ほんもんぶつりゅうしゅう
2012年04月01日
第4回[2012年4月号]
ご誕生地の越中(富山県)浅井にあった遠成寺(おんじょうじ)でお得度され、深円(じんえん)と名付けられた門祖聖人。日々の修行に励むその姿にお師匠さまは、非凡さを見み抜かれ、より一層の修行をと、門祖聖人を京の都に上がらせることに。今回は上洛について見てみよう。

門祖日隆聖人物語 第4回

ご上洛

修行のお姿

日隆聖人の修行のお姿
  門祖日隆聖人は12歳で、出家得度された後、お師匠さまの慶寿院日深師のもと、大変熱心にご勉学と修行に励まれたんだ。その修行のお姿は、常に「御本尊さま」と「お祖師さま(日蓮聖人)の像」に向かって、ご自身の知恵の増進と修行の無事をご祈願されていたんだ。

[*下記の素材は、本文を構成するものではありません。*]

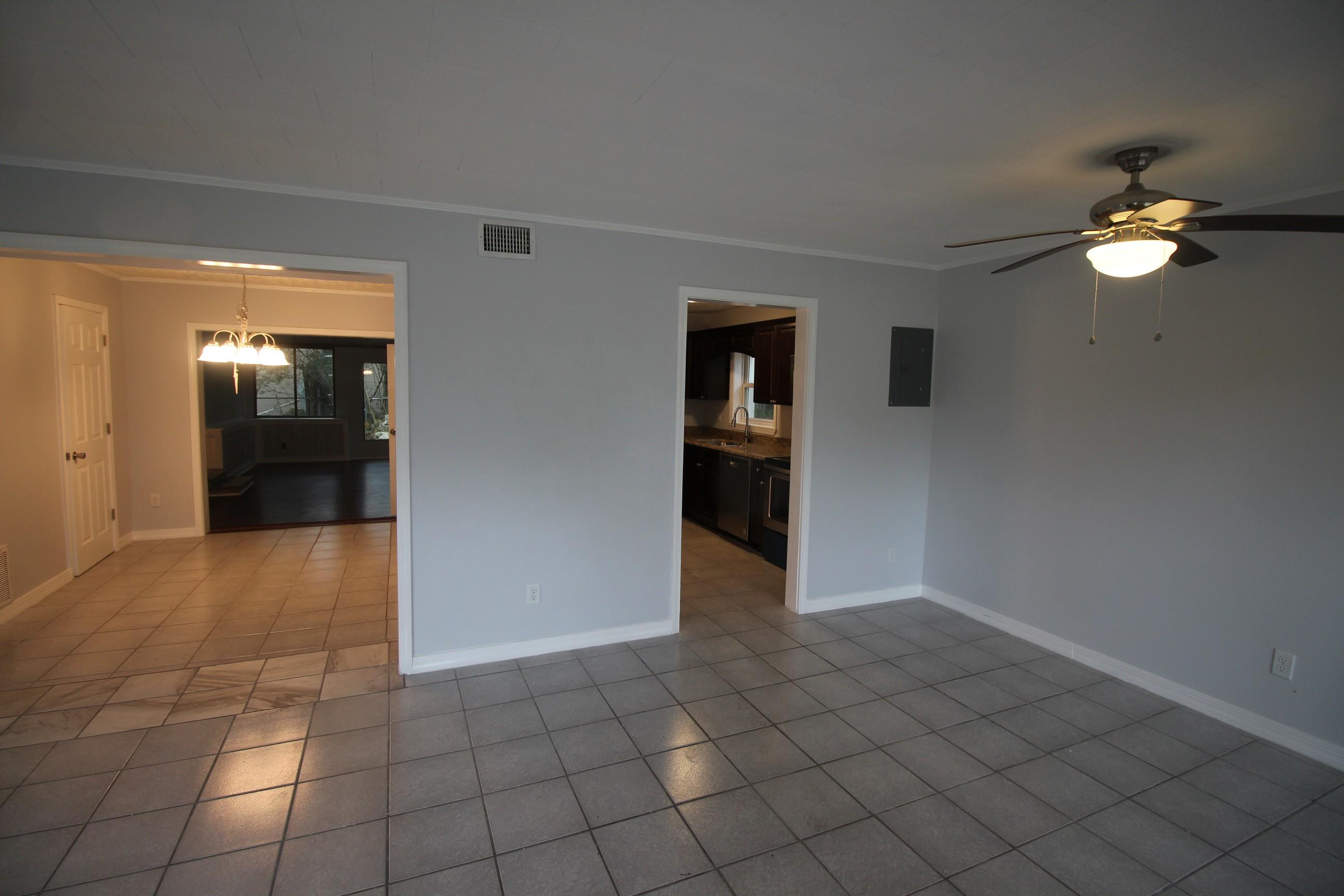 RACETRACK ROAD - Residential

 するとある夜のこと、一人の高僧が突然現れたんだ。そしてこの高僧は、南無妙法蓮華経と御題目を紙に書き、それを手で丸めると、「汝(あなた)が願うところの無価の宝珠(価値のつけられないほどの貴重な宝物)はこれである。今これを汝(あなた)に与える!」と言い、門祖聖人の胸元にその紙をしのばせたんだ。  門祖聖人は、これはきっといつもお願している、「御本尊さま」と「お祖師さま」からのお計らいに違いないと喜ばれ、この不思議な出来事より、さらにご勉学に修行に励まれるようになったんだよ。

京の妙本寺へ(上洛)

 このように出家得度後、ご勉学に修行に励まれていた門祖聖人に、京(京都)の都に行って勉強したいという希望が次第に芽ばえ出したんだ。なにしろ得度された遠成寺が、田舎にあったため勉強するにも、これといった十分な資料もなかったんだ。また、良い先生や学友も少なかったので、上洛して(京に上がって)もっと勉強したいという思いが強まったんだね。

妙本寺(現・妙顕寺 京都市上京区)
妙本寺(現・妙顕寺 京都市上京区)

 そこで、門祖聖人の非凡さを見抜かれていたお師匠(慶寿院日深師)さまは、遠成寺の本寺にあたる京都・妙本寺へ門祖聖人を旅立たせることにしたんだよ。  妙本寺は、当時の京都の日蓮門下の中でも、最も格式の高いお寺であると言われており、日像菩薩を御開基(初代住職)とする大本山なんだ。ちょうどこのお寺には、門祖聖人のお師匠(慶寿院日深師)さまの兄弟弟子であり、しかも門祖聖人の伯父・叔父にあたる日存・日道両聖人もおいでになられていたんだよ…。

門祖聖人のお名前
 こうして門祖聖人は、応永九年(1402)の18歳の時、越中(富山県)から上洛して妙本寺に入寺されたんだ。その時の妙本寺御住職が日霽聖人というお方で、新たにその日霽聖人のお弟子となられ、慶林坊日立とお名前も改められたんだ。こうして妙本寺で本格的に、ご勉学に修行にとご精進されることとなったんだよ。